Nexa SDK is a comprehensive toolkit for supporting ONNX and GGML models. It supports text generation, image generation, vision-language models (VLM), auto-speech-recognition (ASR), and text-to-speech (TTS) capabilities.
https://docs.nexa.ai/
Apache License 2.0
3.62k stars 534 forks source link

server #79

Closed ayttop closed 2 months ago

ayttop commented 2 months ago

how to use server?

ayttop commented 2 months ago

how to use server with curl?

JoyboyBrian commented 2 months ago
curl -X 'POST' \
  'http://localhost:8000/v1/completions' \
  -H 'accept: application/json' \
  -H 'Content-Type: application/json' \
  -d '{
  "prompt": "Tell me a story",
  "temperature": 1,
  "max_new_tokens": 128,
  "top_k": 50,
  "top_p": 1,
  "stop_words": [
    "string"
  ]
}'
ayttop commented 2 months ago

(2) C:\Users\ArabTech\Desktop\2>curl -X POST "http://localhost:8000/v1/completions" ^ More? -H "accept: application/json" ^ More? -H "Content-Type: application/json" ^ More? -d "{\"prompt\": \"Tell me a story\", \"temperature\": 1, \"max_new_tokens\": 128, \"top_k\": 50, \"top_p\": 1, \"stop_words\": [\"string\"]}" {"detail":"'text'"} (2) C:\Users\ArabTech\Desktop\2>

ayttop commented 2 months ago

(2) C:\Users\ArabTech\Desktop\2>curl -X POST "http://localhost:8000/v1/completions" -H "accept: application/json" -H "Content-Type: application/json" -d "{\"prompt\": \"Tell me a story\", \"temperature\": 1, \"max_new_tokens\": 128, \"top_k\": 50, \"top_p\": 1, \"stop_words\": [\"string\"]}" {"detail":"'text'"}

ayttop commented 2 months ago

not run

ayttop commented 2 months ago

win11 anaconda python 3.11

ayttop commented 2 months ago

(2) C:\Users\ArabTech\Desktop\2>curl -X POST "http://localhost:8000/v1/completions" -H "accept: application/json" -H "Content-Type: application/json" -d "{\"text\": \"Tell me a story\", \"temperature\": 1, \"max_new_tokens\": 128, \"top_k\": 50, \"top_p\": 1, \"stop_words\": [\"string\"]}" {"detail":"'text'"} (2) C:\Users\ArabTech\Desktop\2>curl -X POST "http://localhost:8000/v1/completions" -H "Content-Type: application/json" -d "{\"text\": \"Tell me a story\"}" {"detail":"'text'"} (2) C:\Users\ArabTech\Desktop\2>

ayttop commented 2 months ago

(2) C:\Users\ArabTech\Desktop\2\nexa-sdk>nexa server --host 127.0.0.1 --port 8000 Phi-2:q4_0 INFO: Started server process [5432] INFO: Waiting for application startup. 2024-09-09 17:43:43,550 - INFO - Model Path: Phi-2:q4_0 Model Phi-2:q4_0 already exists at C:\Users\ArabTech.cache\nexa\hub\official\Phi-2\q4_0.gguf 2024-09-09 17:43:44,213 - INFO - model loaded as <nexa.gguf.llama.llama.Llama object at 0x0000015396476210> INFO: Application startup complete.
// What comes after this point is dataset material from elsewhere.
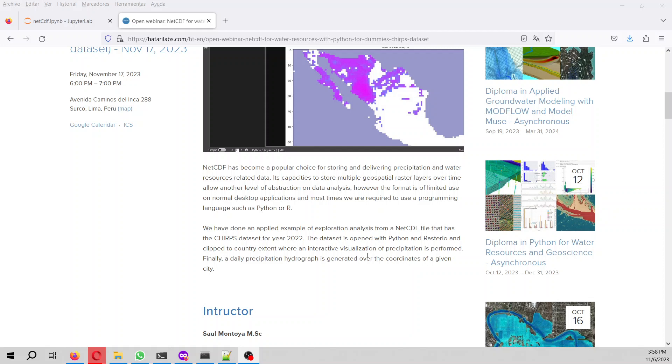Then we are going to do plotting as well as animated plotting, and we are also going to create a hydrograph of precipitation for given coordinates.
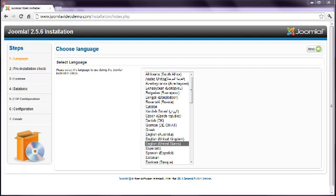This is lesson 10 of 20 lessons on how to build a Joomla website. You only need to watch this lesson if you experienced problems with the Joomla installation. If it was successful, then move on to lesson 11.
INFO: Uvicorn running on http://127.0.0.1:8000 (Press CTRL+C to quit) INFO: 127.0.0.1:57924 - "GET /docs HTTP/1.1" 200 OK INFO: 127.0.0.1:57924 - "GET /openapi.json HTTP/1.1" 200 OK 2024-09-09 17:44:28,514 - ERROR - Error in text generation: 'text' INFO: 127.0.0.1:57925 - "POST /v1/completions HTTP/1.1" 500 Internal Server Error 2024-09-09 17:45:18,081 - ERROR - Error in text generation: 'text' INFO: 127.0.0.1:57948 - "POST /v1/completions HTTP/1.1" 500 Internal Server Error 2024-09-09 17:45:35,981 - ERROR - Error in chat completions: 'text' INFO: 127.0.0.1:57954 - "POST /v1/chat/completions HTTP/1.1" 500 Internal Server Error

{"detail":"'text'"}

ayttop commented 2 months ago

response_1725929336990.json

ayttop commented 2 months ago

{ "detail": "'text'" }

ayttop commented 2 months ago

![Uploading Screenshot 2024-09-09 182036.png…]()

ayttop commented 2 months ago

Screenshot 2024-09-09 182036

ayttop commented 2 months ago

posrtman

ayttop commented 2 months ago

(2) C:\Users\ArabTech\Desktop\2>nexa server --host 127.0.0.1 --port 8000 Phi-2:q4_0 INFO: Started server process [25424] INFO: Waiting for application startup. 2024-09-09 18:13:58,307 - INFO - Model Path: Phi-2:q4_0 Model Phi-2:q4_0 already exists at C:\Users\ArabTech.cache\nexa\hub\official\Phi-2\q4_0.gguf 2024-09-09 18:13:58,945 - INFO - model loaded as <nexa.gguf.llama.llama.Llama object at 0x0000022FB3901A90> INFO: Application startup complete. INFO: Uvicorn running on http://127.0.0.1:8000 (Press CTRL+C to quit) INFO: 127.0.0.1:59196 - "GET /docs HTTP/1.1" 200 OK INFO: 127.0.0.1:59196 - "GET /openapi.json HTTP/1.1" 200 OK 2024-09-09 18:14:24,686 - ERROR - Error in text generation: 'text' INFO: 127.0.0.1:59197 - "POST /v1/completions HTTP/1.1" 500 Internal Server Error 2024-09-09 18:20:09,358 - ERROR - Error in text generation: 'text' INFO: 127.0.0.1:59270 - "POST /v1/completions HTTP/1.1" 500 Internal Server Error

ayttop commented 2 months ago

(2) C:\Users\ArabTech\Desktop\2>nexa run gemma-2b:q2_K Downloading gemma-2b/q2_K.gguf... q2_K.gguf: 0%|▏ | 3.53M/1.32G [00:01<10:29, 2.24MiB/s] An error occurred while downloading or processing the model: [SSL: DECRYPTION_FAILED_OR_BAD_RECORD_MAC] decryption failed or bad record mac (_ssl.c:2580) Failed to pull model gemma-2b:q2_K Unknown task: UNKNOWN. Skipping inference.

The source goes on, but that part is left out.